Construite comme un langage où les gestes sont les mots d’un discours indicible, la chorégraphie est truffée de références personnelles que l’auteur se garde bien de vouloir rendre lisibles: portée par la teneur émotionnelle de la musique, l’abstraction empruntera diverses voies de résonance pour toucher le public.

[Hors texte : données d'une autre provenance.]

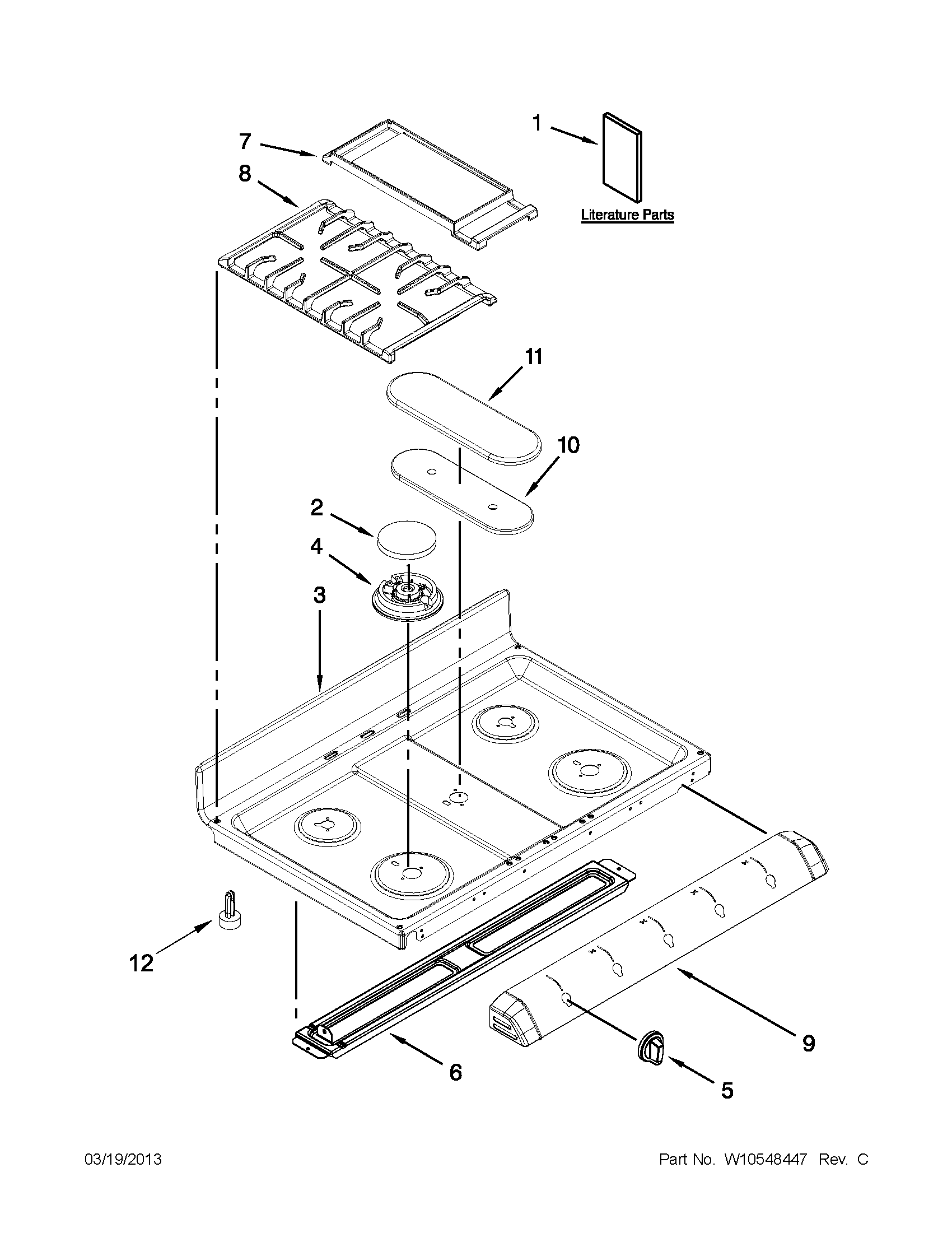 KitchenAid KGRS505XSS04 cooktop parts diagram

Les éclairages en clair-obscur auxquels Lock nous a habitués reflètent aussi ce choix d’un flou artistique volontaire. "Quand mon père dessinait, il couvrait toujours le dessin avec des ombres, ce qui avait le don de m’irriter, raconte-t-il. Je ne comprenais pas qu’il gâche ça avec des traits de charbon, des taches. Il disait que l’art se trouvait non pas dans le dessin, mais dans les interférences avec les traits. Peut-être que ça a fait son chemin…"

Outre les costumes noirs de Liz Vandal et les projections de séquences filmées, où se déclinent à nouveau les thématiques du vieillissement et de la distorsion chères au chorégraphe, on retrouve Armand Vaillancourt à la scénographie et des musiciens live pour interpréter l’oeuvre conjointe de Bryars et Blake Hargreaves. "C’est important d’avoir des musiciens sur scène parce que l’acte de jouer de la musique est physique et visuel, c’est une façon de danser, explique Lock. J’aime voir deux groupes de personnes en interaction plutôt qu’une composition immuable à laquelle se plient les danseurs. Ça crée un genre de coopération intéressante même si elle n’est pas ancrée dans la structure chorégraphique."

Aux côtés de Talia Evtushenko, Jason Shipley-Holmes et Zofia Tujaka, on découvrira les huit nouveaux danseurs de la compagnie et une invitée de prestige: la danseuse étoile du Ballet Kirov et de l’American Ballet Theatre Diana Vishneva. Pour trois soirs seulement.